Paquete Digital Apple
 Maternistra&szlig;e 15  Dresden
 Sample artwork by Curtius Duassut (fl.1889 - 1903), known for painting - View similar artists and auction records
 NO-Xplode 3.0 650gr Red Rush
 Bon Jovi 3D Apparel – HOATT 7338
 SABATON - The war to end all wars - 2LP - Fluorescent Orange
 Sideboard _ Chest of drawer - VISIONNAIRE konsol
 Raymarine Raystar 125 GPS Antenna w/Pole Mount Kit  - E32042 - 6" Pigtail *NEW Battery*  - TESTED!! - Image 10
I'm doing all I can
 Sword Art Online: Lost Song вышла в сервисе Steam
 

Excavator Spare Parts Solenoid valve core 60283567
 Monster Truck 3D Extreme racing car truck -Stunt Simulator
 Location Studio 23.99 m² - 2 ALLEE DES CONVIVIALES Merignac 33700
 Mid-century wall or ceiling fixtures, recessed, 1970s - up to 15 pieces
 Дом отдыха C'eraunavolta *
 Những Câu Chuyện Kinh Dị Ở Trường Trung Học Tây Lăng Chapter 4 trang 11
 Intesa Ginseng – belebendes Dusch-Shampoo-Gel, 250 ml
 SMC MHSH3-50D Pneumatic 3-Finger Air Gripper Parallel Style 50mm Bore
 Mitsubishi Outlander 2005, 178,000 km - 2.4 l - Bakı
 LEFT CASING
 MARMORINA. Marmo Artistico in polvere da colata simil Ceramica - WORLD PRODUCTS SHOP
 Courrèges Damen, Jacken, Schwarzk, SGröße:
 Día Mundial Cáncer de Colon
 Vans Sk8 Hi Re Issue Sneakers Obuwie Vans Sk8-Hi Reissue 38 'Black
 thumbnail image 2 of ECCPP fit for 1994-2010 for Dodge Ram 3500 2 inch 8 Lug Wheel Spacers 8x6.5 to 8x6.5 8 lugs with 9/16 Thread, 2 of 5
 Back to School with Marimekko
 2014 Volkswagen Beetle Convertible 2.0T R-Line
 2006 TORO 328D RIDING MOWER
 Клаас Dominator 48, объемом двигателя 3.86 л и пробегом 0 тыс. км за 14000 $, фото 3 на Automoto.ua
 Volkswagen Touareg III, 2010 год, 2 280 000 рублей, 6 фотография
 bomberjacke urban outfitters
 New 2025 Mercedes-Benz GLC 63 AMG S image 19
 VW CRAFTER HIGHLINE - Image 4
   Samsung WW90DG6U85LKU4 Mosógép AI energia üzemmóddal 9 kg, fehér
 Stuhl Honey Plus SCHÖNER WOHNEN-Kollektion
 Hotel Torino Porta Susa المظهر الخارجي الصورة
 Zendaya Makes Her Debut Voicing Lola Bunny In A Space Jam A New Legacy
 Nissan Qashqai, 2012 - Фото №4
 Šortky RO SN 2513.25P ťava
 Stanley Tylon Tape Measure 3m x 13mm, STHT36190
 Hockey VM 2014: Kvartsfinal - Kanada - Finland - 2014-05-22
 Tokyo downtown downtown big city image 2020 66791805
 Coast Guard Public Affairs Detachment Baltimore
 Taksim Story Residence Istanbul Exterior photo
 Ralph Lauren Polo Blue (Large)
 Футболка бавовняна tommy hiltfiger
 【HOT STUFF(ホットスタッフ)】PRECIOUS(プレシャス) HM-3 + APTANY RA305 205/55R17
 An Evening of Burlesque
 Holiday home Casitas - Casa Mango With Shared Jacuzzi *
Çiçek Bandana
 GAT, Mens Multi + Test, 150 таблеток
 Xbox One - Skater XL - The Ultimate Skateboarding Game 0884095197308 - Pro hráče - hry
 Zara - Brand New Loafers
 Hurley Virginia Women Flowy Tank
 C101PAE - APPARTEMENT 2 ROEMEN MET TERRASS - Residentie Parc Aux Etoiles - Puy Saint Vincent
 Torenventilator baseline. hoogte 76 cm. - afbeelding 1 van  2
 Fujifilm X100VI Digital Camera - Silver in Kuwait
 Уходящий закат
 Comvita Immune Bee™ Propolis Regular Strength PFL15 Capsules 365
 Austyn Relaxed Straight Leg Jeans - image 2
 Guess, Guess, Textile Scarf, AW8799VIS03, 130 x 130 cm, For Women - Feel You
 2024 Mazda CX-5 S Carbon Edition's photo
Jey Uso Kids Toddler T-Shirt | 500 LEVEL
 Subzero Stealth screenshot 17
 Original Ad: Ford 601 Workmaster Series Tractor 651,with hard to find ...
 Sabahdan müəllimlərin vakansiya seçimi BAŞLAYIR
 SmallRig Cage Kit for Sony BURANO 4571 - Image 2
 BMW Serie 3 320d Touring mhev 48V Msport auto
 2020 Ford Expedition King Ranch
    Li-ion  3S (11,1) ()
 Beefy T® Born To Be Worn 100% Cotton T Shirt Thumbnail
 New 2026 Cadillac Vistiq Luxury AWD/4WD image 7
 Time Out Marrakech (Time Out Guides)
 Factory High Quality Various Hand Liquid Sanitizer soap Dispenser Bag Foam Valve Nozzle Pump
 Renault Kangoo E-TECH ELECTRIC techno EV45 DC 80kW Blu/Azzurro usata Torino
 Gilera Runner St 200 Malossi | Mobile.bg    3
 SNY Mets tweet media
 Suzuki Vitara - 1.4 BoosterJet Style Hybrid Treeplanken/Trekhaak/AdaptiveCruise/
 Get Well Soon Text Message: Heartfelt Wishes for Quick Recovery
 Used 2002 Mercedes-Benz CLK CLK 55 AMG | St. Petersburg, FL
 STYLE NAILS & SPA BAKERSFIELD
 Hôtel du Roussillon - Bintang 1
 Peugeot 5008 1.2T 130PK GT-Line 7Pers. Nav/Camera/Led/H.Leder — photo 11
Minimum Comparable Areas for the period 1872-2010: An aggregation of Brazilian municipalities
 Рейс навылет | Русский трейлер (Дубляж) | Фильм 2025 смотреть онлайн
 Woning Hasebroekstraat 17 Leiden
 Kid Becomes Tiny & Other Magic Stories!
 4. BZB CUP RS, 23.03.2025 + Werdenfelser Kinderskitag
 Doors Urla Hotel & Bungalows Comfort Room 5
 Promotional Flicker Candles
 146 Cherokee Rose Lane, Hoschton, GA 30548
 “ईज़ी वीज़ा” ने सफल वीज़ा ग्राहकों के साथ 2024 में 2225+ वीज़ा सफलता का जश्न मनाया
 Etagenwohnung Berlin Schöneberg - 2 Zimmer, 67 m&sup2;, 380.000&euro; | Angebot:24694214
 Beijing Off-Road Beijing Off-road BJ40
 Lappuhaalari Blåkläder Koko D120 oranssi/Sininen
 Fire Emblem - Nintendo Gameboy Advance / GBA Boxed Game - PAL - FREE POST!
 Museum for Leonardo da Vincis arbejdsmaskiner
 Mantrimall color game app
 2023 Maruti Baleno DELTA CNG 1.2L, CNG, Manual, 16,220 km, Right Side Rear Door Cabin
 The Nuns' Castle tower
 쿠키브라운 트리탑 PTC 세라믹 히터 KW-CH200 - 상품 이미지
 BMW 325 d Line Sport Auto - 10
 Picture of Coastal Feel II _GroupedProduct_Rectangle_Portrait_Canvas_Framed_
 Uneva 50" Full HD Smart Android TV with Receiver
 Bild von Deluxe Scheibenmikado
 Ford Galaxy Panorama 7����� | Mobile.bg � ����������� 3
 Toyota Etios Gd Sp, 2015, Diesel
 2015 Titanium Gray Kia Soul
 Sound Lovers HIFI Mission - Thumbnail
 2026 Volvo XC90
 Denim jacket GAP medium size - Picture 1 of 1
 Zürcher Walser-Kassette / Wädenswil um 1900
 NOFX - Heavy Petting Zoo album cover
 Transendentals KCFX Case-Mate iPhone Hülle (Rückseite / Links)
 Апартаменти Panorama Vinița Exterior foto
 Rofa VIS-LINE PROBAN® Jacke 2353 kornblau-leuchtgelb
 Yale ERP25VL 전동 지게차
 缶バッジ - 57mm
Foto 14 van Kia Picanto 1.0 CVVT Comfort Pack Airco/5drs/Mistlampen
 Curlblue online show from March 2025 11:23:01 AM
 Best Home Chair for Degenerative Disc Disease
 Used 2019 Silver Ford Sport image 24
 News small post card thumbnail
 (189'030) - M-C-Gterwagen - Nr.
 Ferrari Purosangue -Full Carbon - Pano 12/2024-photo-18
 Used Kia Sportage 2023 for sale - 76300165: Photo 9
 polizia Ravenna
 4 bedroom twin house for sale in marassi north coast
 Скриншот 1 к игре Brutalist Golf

★ ★ ★ ★ ★ ★ ★

Count how many lines in the data above hold the string "Ford", and give the number with no other words.

Solution to this problem —
4